## [DATA TO USE]
::::::::

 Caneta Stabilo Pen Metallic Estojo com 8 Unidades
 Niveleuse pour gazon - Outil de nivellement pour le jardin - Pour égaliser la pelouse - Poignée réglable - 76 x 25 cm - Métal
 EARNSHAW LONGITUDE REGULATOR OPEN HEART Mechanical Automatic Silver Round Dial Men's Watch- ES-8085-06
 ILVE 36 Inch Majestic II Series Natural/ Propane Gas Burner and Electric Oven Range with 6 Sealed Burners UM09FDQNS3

::::::::

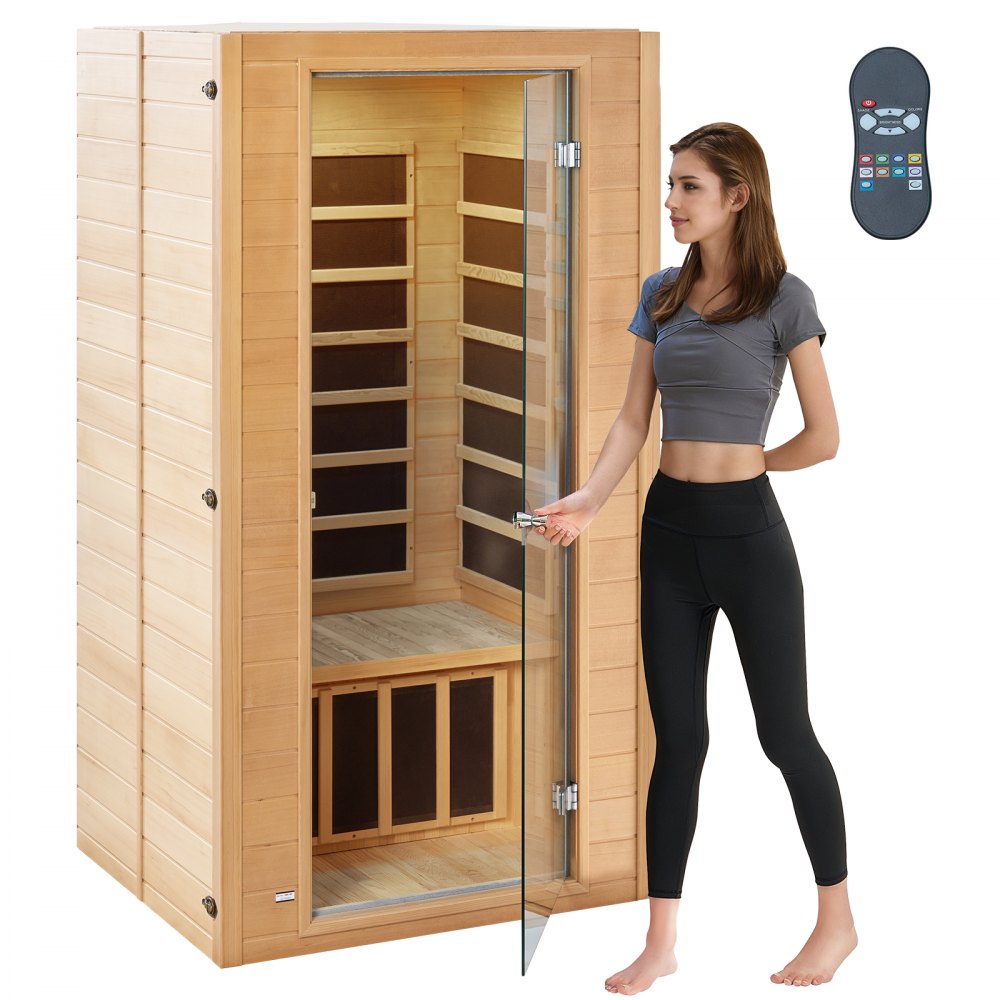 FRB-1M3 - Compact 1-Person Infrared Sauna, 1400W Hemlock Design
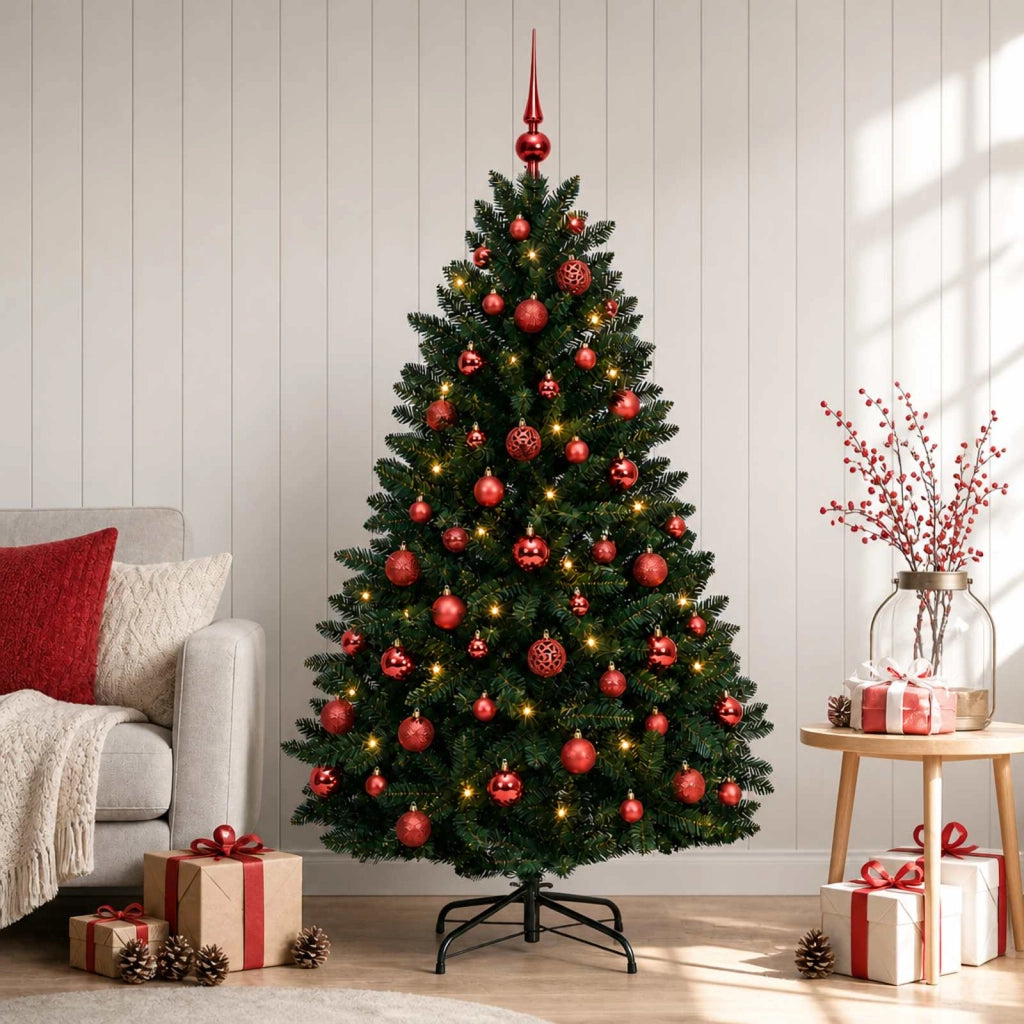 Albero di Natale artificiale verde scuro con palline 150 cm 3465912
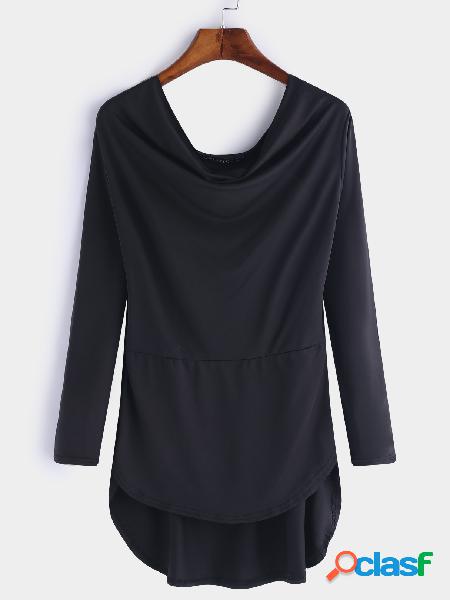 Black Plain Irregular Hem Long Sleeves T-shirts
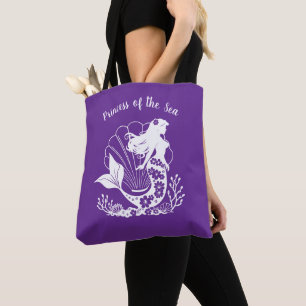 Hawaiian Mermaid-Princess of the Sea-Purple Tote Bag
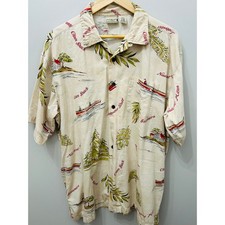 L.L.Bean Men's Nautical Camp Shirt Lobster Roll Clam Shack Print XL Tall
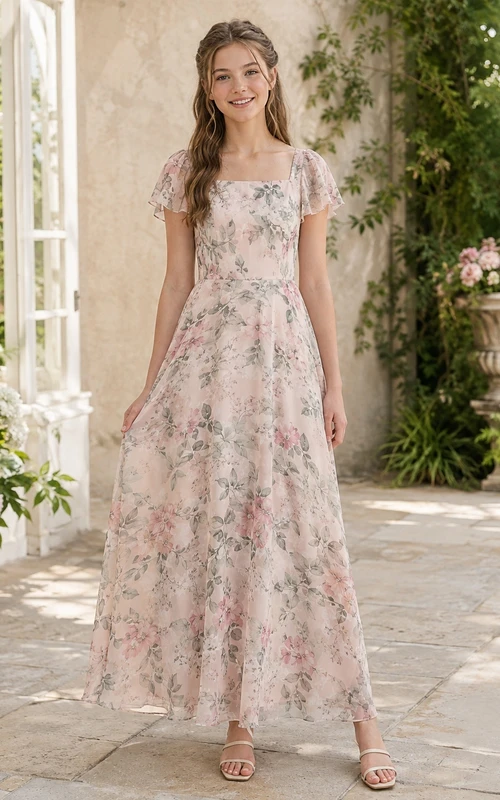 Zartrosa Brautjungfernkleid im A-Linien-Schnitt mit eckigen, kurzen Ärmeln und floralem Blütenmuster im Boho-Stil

::::::::

## [WHAT NEEDS TO BE DONE]
Both end lines included, restate word for word the lines above from the line with "Caneta Stabilo Pen" to the line with "ILVE 36 Inch", and nothing else.

## [TASK RESULT]
 Caneta Stabilo Pen Metallic Estojo com 8 Unidades
 Niveleuse pour gazon - Outil de nivellement pour le jardin - Pour égaliser la pelouse - Poignée réglable - 76 x 25 cm - Métal
 EARNSHAW LONGITUDE REGULATOR OPEN HEART Mechanical Automatic Silver Round Dial Men's Watch- ES-8085-06
 ILVE 36 Inch Majestic II Series Natural/ Propane Gas Burner and Electric Oven Range with 6 Sealed Burners UM09FDQNS3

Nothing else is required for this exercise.